La casa de papel regresa con la primera parte de su quinta temporada siendo muy fiel a su estilo. Ya lo han dicho los protagonistas en varias entrevistas: aquí lo importante no son los personajes, ni siquiera la historia que ya había quedado muy bien cerrada con el primer atraco. No, aquí importa el espectáculo, el más todavía. Importa la Casa de papel como producto global.
Y en ese sentido cumple. No hay un solo segundo en esta tanda de episodios en la que no esté pasando algo: una explosión, un tiroteo, un monólogo intenso (por favor, parad ya con estos, que me agotan)… La trama de la serie de Netflix va puesta hasta arriba de anfetaminas.
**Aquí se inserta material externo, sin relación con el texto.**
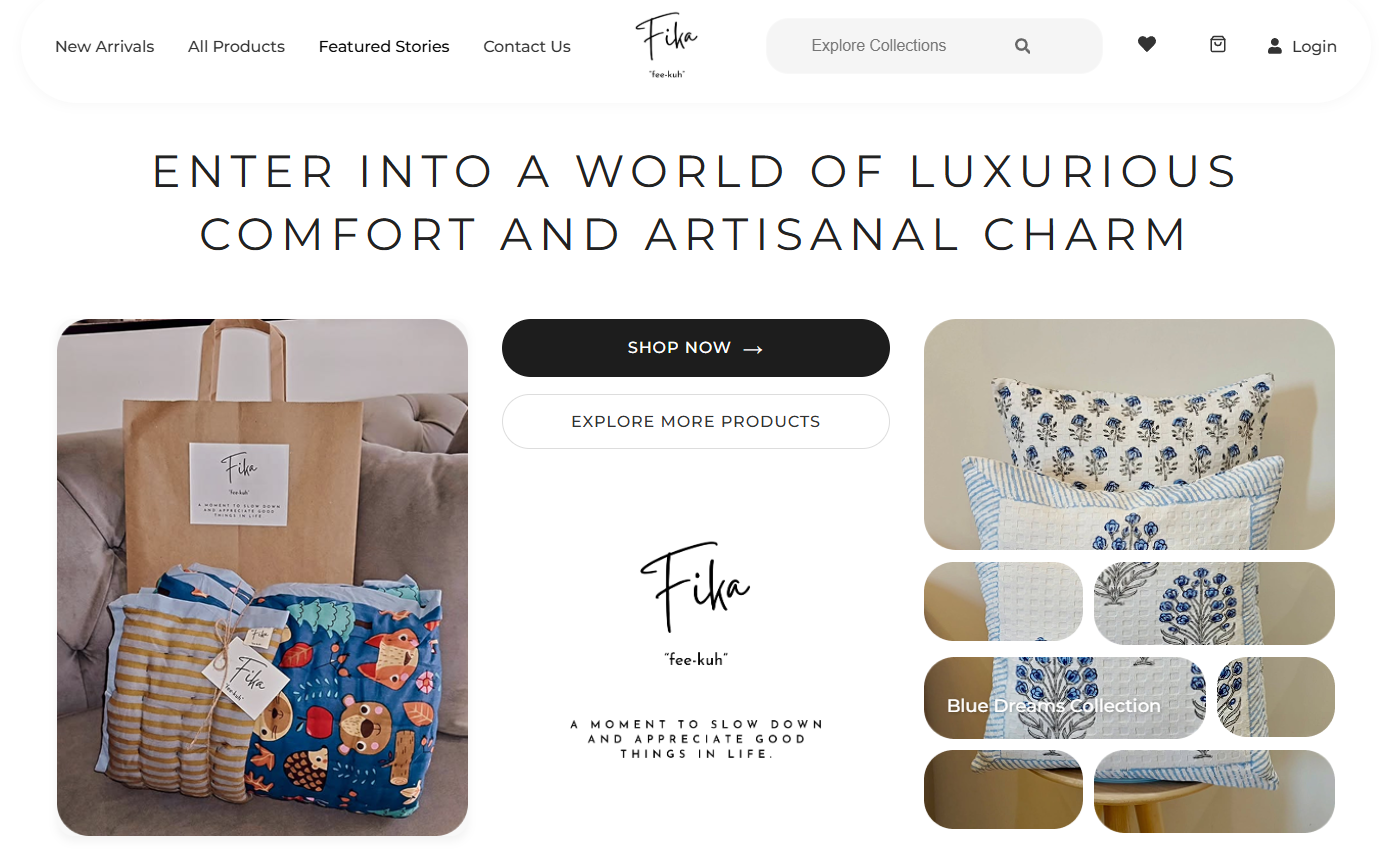 React.js E-Commerce Platform Screenshot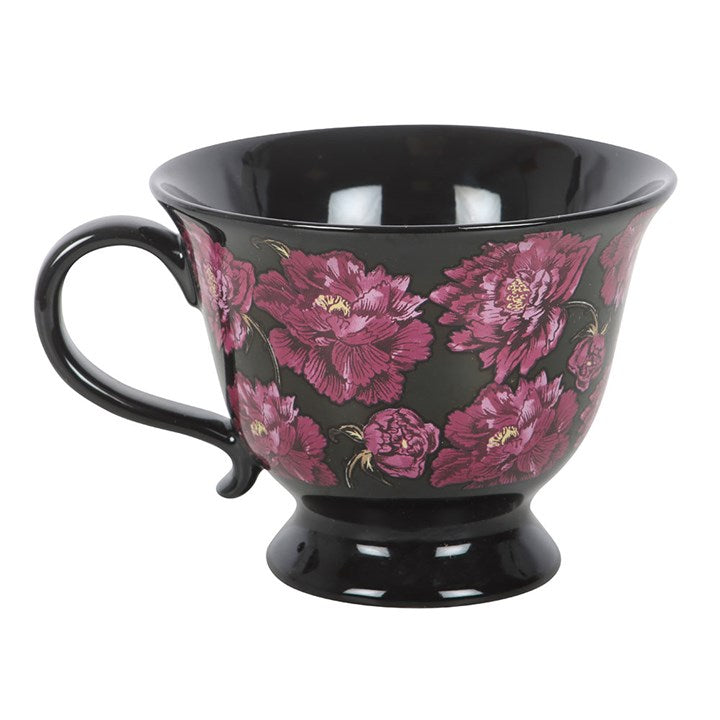 Tasse à thé à motif floral « Dark Romance »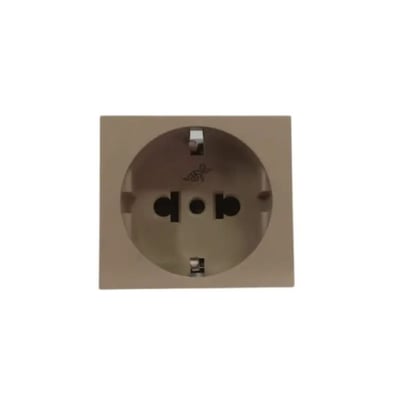 Modulo Toma Schuko 2X16A+T Polarizado Habitat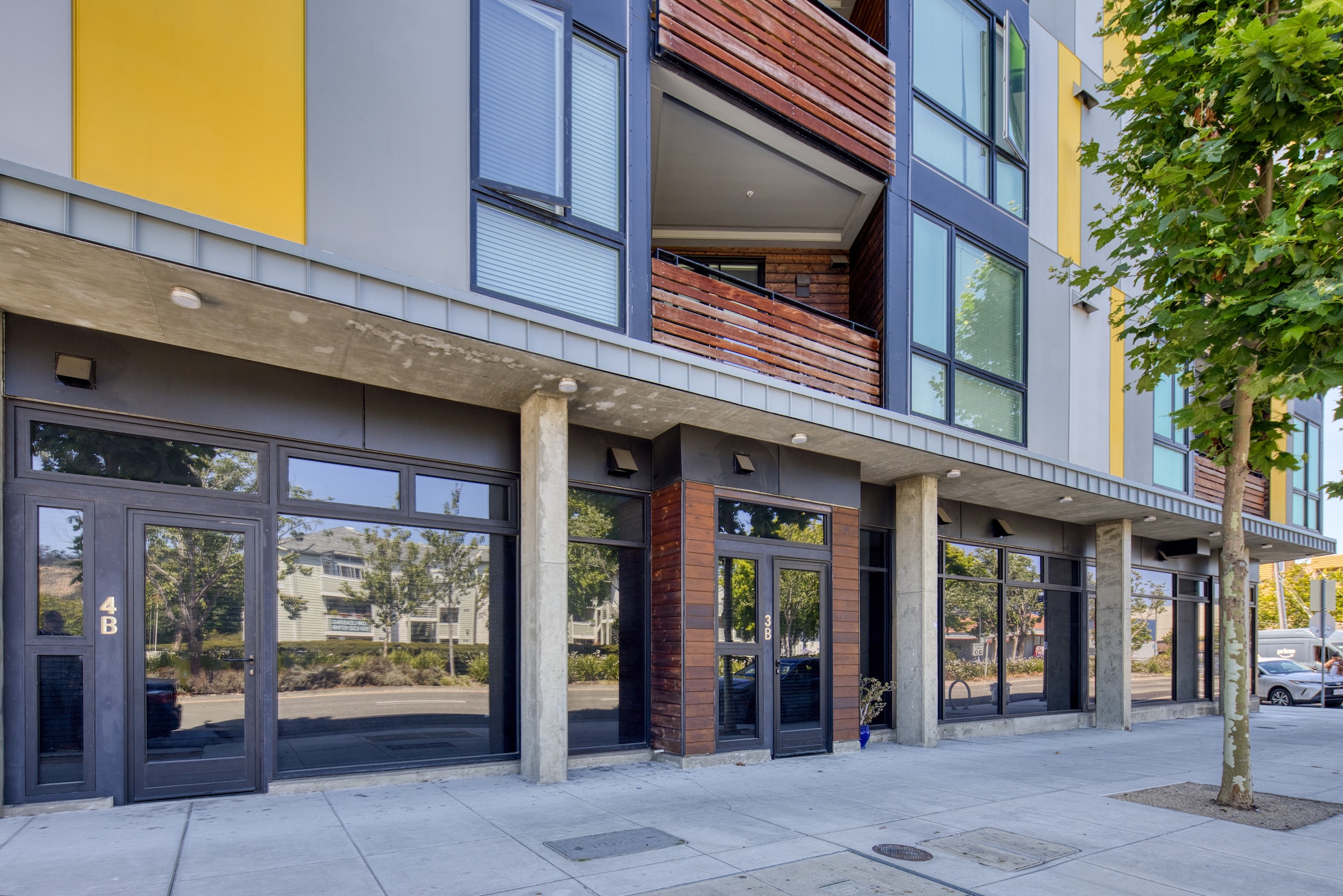 exterior of property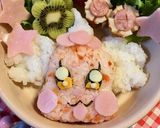 キャラ弁☆プリキュアアラモード☆ペコリン作り方6写真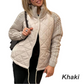 ❄️Vinterkampanj❄️Stickad Patchwork Puffy Jacka för kvinnor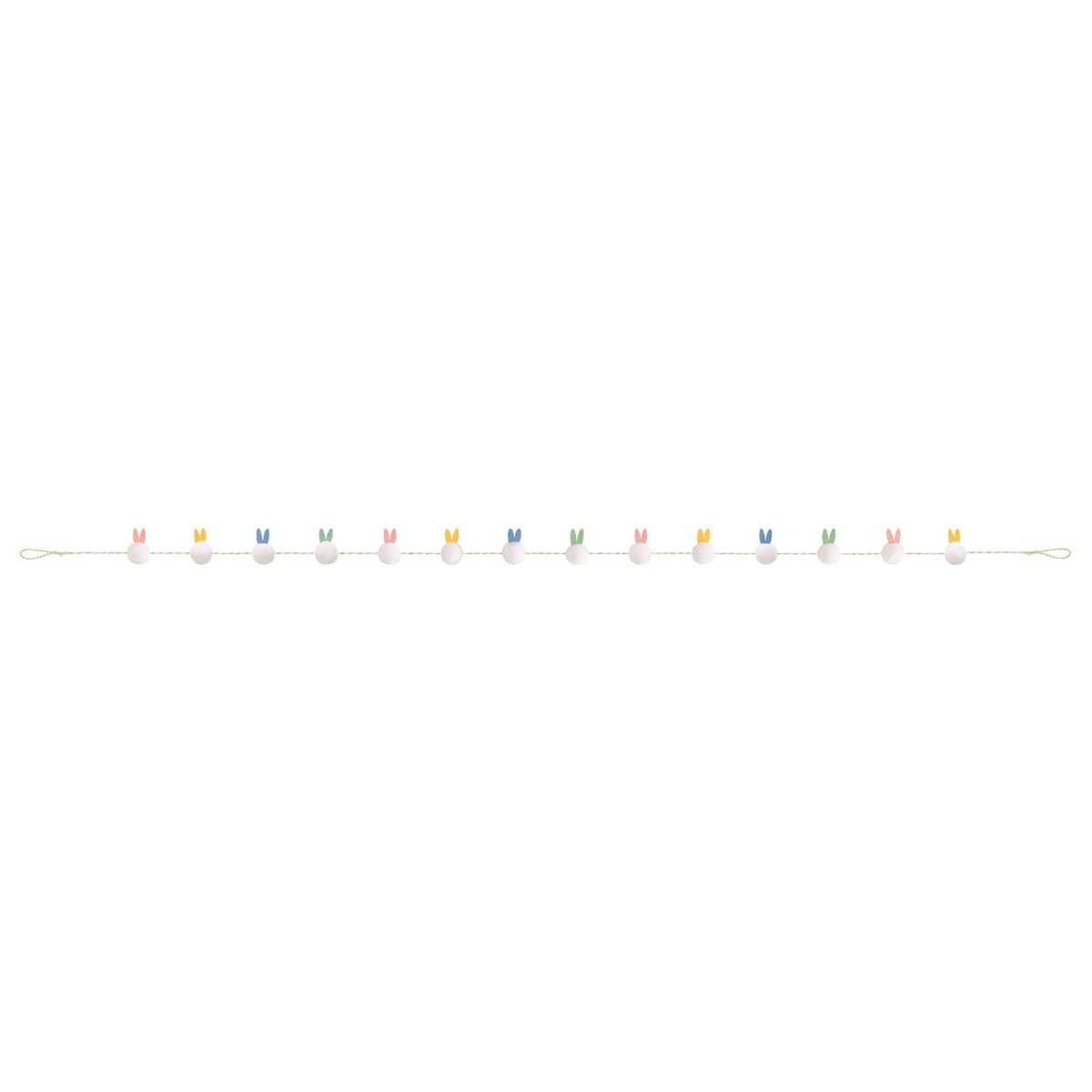 UNIQUE PARTY FAVORS Easter Dainty Easter Pompoms Garland, 1 Count 011179518609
No para ni un momento a coger aire. Y eso que es su punto más fuerte, se convierte también en su talón de Aquiles: te anestesia por sobrecarga.
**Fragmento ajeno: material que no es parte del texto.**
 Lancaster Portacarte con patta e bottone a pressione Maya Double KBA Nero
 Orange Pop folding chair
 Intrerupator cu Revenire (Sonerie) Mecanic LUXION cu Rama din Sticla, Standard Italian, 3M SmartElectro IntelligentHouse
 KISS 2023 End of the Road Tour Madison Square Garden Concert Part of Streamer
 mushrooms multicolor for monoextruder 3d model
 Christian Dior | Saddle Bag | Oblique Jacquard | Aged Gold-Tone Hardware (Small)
Los personajes siguen siendo carismáticos, pero comienza a notarse que a muchos de ellos (léase, Berlín) los están aguantando porque el público los adora, no porque aporten nada. Las nuevas incorporaciones quedan descolgadas del núcleo principal, aunque eso es lo de menos, porque lo que importa es que las explosiones son más grandes, que hay más localizaciones, que es todo mucho más extremos, más loco.
El núcleo duro de los protagonistas saca todo adelante, unos con buen hacer (Álvaro Morte) y otros a fuerza de carisma en bruto. Eso es cierto. Pero lo cierto es que La casa de papel a estas alturas es más bien un castillo de naipes a una granada de ser un desastre.